Task statement:
Every line below from the one containing "12 silver dessert spoons Image 1++" through the one containing "Emmaya - エビカツ定食 850円 ♪" is to be printed exactly, with the pictures omitted.

*** Opening of Input data ***

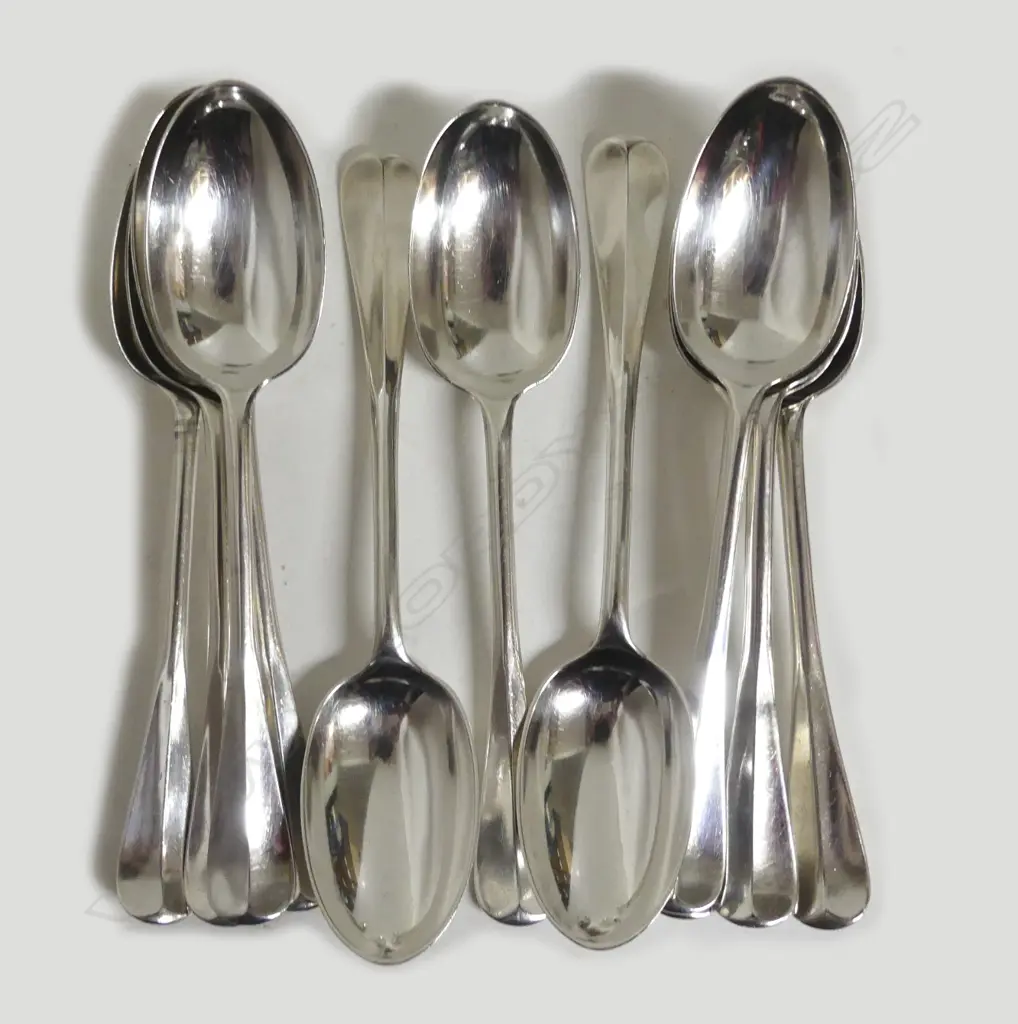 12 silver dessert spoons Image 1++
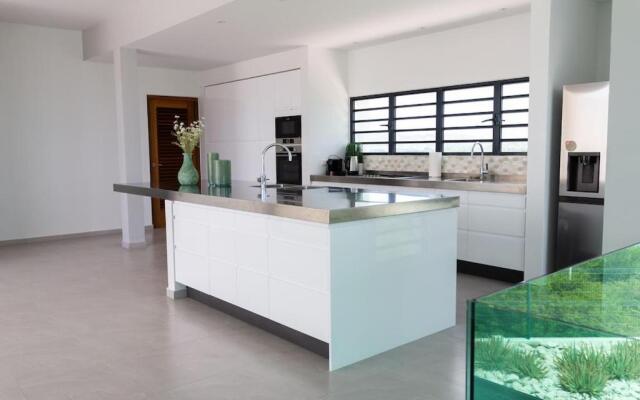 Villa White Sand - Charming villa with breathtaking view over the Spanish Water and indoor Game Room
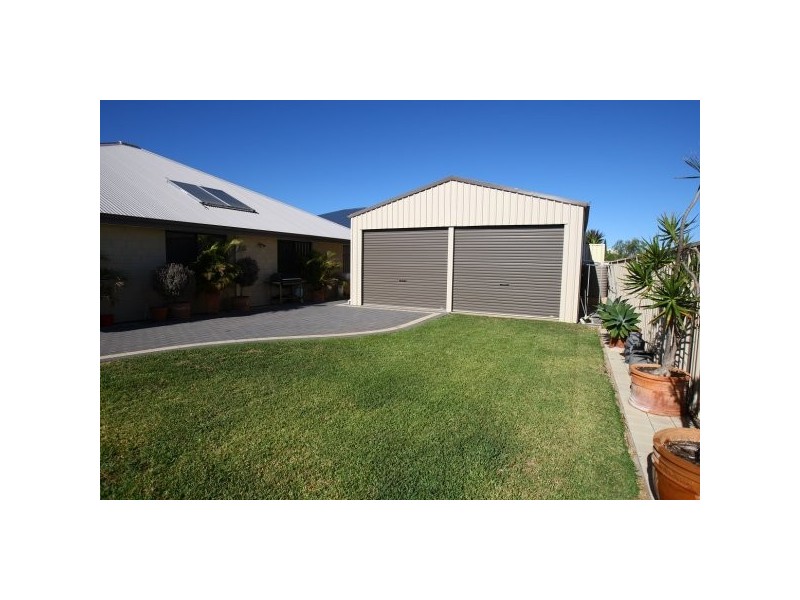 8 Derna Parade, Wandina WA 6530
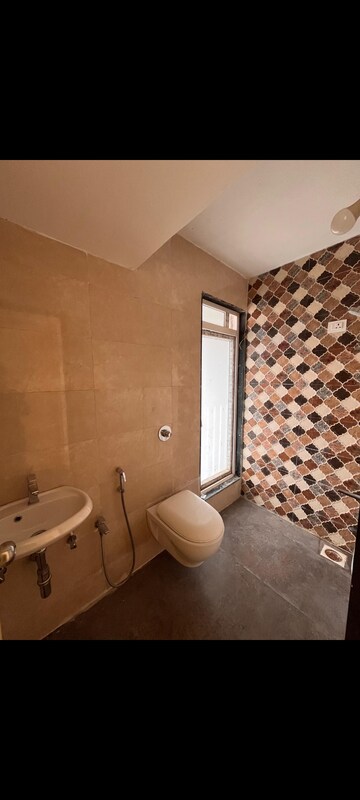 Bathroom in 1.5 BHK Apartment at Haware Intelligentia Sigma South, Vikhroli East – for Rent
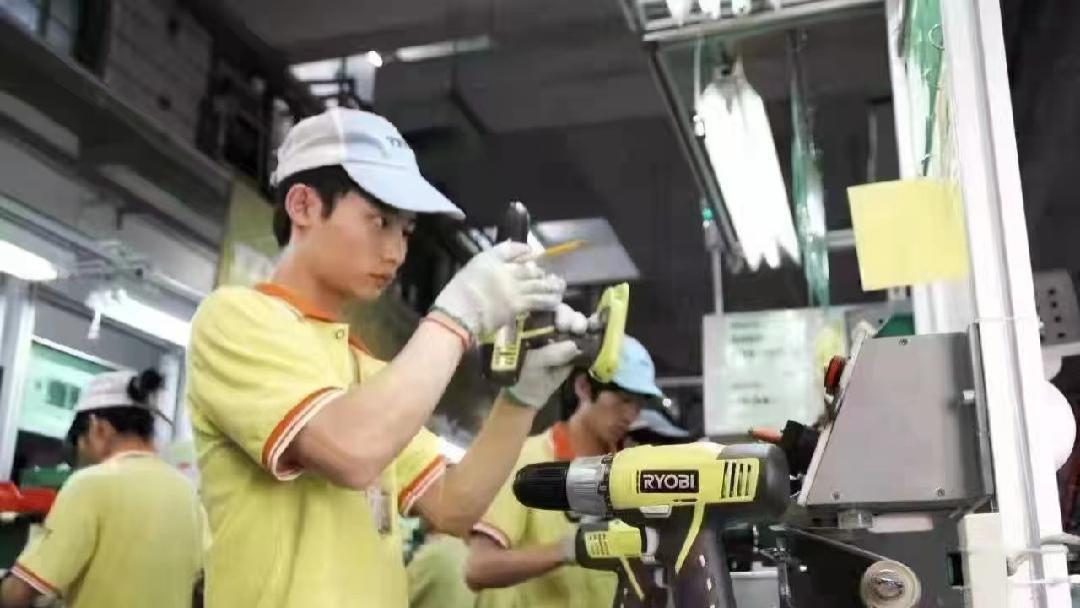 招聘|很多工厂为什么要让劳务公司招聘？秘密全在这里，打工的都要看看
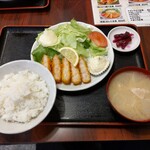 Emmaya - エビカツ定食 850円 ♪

*** Close of Input data ***
*** Opening of Input data ***

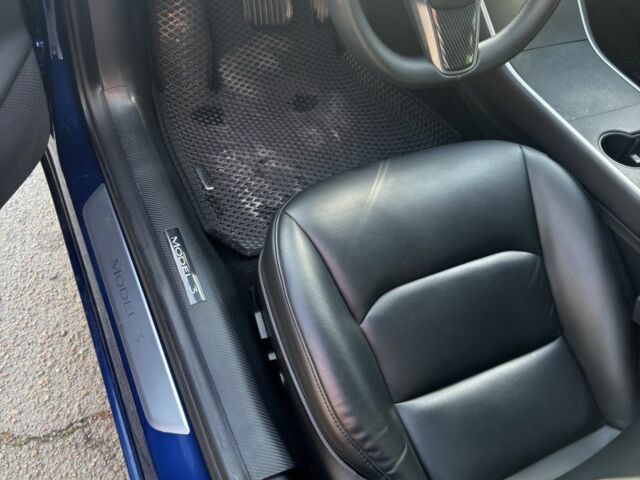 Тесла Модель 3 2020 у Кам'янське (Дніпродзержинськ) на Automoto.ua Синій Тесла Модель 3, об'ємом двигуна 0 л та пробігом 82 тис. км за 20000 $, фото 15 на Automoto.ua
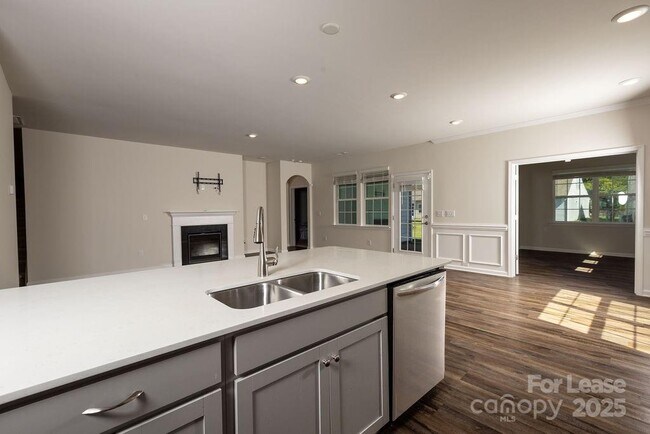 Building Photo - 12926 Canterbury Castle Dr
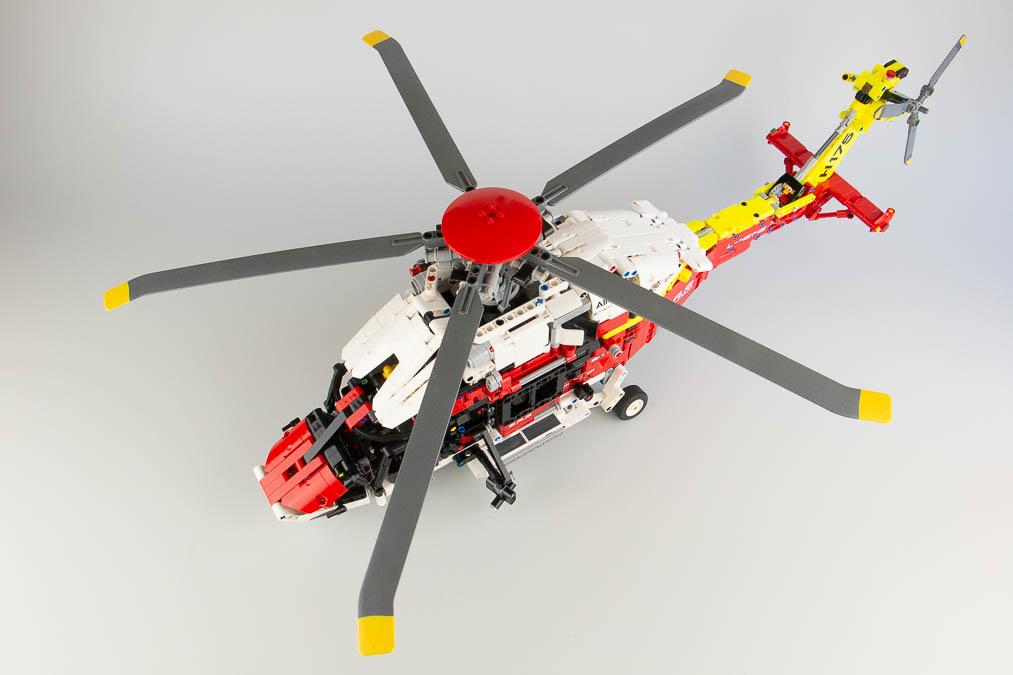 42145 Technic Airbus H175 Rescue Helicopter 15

*** Close of Input data ***

Completed exercise:
 12 silver dessert spoons Image 1++
 Villa White Sand - Charming villa with breathtaking view over the Spanish Water and indoor Game Room
 8 Derna Parade, Wandina WA 6530
 Bathroom in 1.5 BHK Apartment at Haware Intelligentia Sigma South, Vikhroli East – for Rent
 招聘|很多工厂为什么要让劳务公司招聘？秘密全在这里，打工的都要看看
 Emmaya - エビカツ定食 850円 ♪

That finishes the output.